When Courtney and I decided to launch Socialfly in May of 2011, we knew we were taking a big risk. Neither of us had attended business school, neither of us had launched a company before, and we didn’t have a presence in the NYC entrepreneur bubble.
We were in our mid-twenties and, truthfully, we were naive – we didn’t even know that raising money for our business was an option. We built our now-multi-million-dollar social and digital marketing business entirely from scratch using our own money, strategic networking, and a handful of scrappy techniques that helped us fill in the gaps that we had in experience, resources, and know-how.
Here are 5 ways we grew our business without taking in any outside money:
We waded in cautiously and cut overhead as much as possible. Although Courtney and I were both 100 percent committed to launching Socialfly, we knew that we couldn’t quit our day jobs until we had invested the time in developing our brand and landing enough clients to keep us afloat. For the first 10 months, we kept our day jobs and spent our early mornings, evenings and weekends building Socialfly. We also knew that we needed to keep our operation as streamlined as possible – all we needed were our laptops, phones, and our apartments to get done what we needed to, so, at the beginning, the only money we spent was on web hosting services and an inexpensive web developer to build our site. When we needed extra people to help, we hired interns in exchange for college credit.

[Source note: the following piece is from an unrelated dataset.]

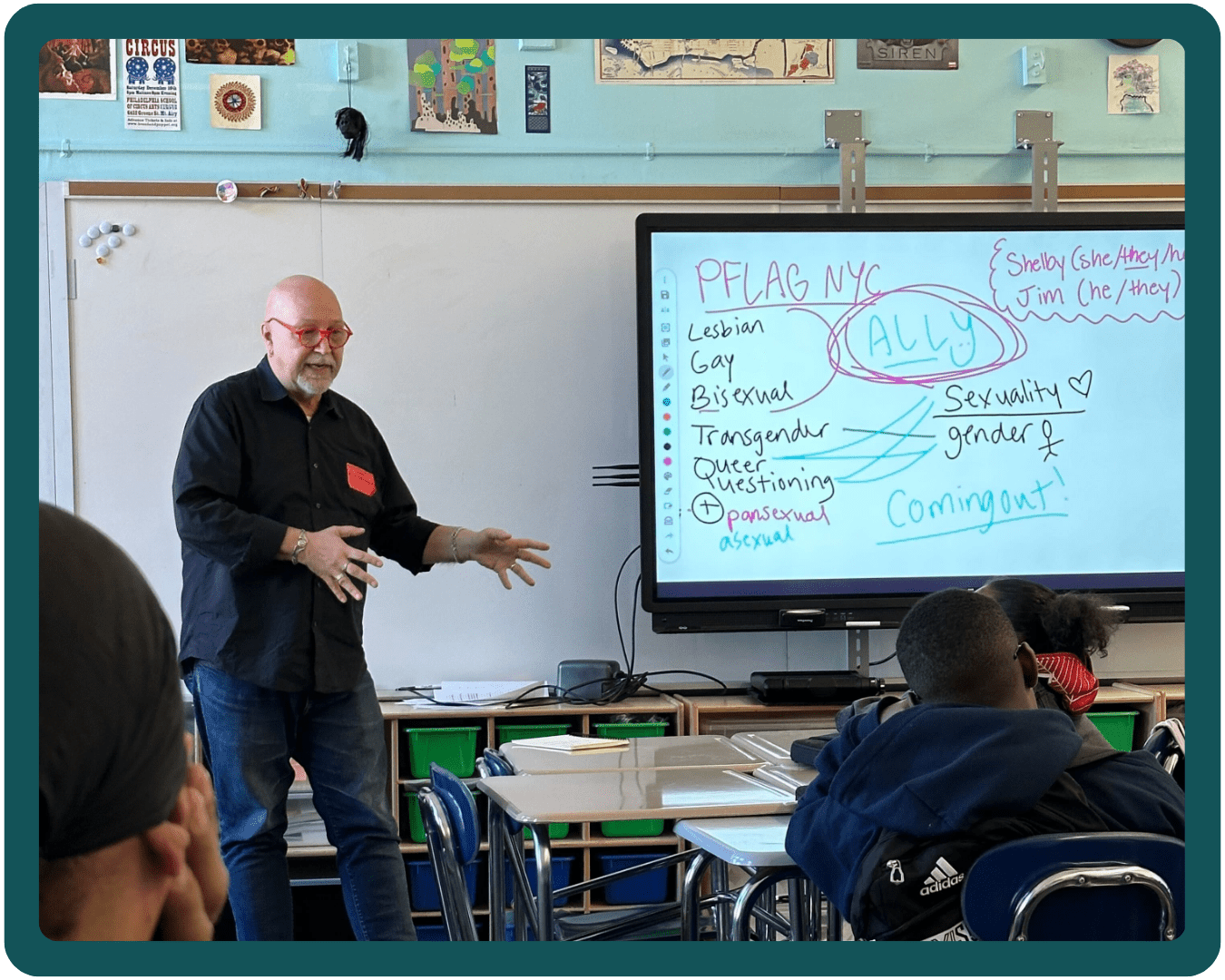 A Safe Schools Program volunteer stands at the front of a classroom and gestures to an electronic whiteboard that has words on it, including PFLAG NYC, ally, sexuality, gender, and coming out.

We bartered with other entrepreneurs for essential services we knew the business needed. Early on, we didn’t have the capital to invest in many services that we knew we would need in order to scale our business, so we had to get creative. We met a number of entrepreneurs through our networking groups who needed social and digital media help, and so we were able to exchange that for services including office space, legal consultation, and even public relations help. Over time, as we began to see success, we tapered off this practice. Eventually, the amount of time that we were spending on providing services in exchange for another person’s services became more valuable to us than the service itself, and we began paying providers outright.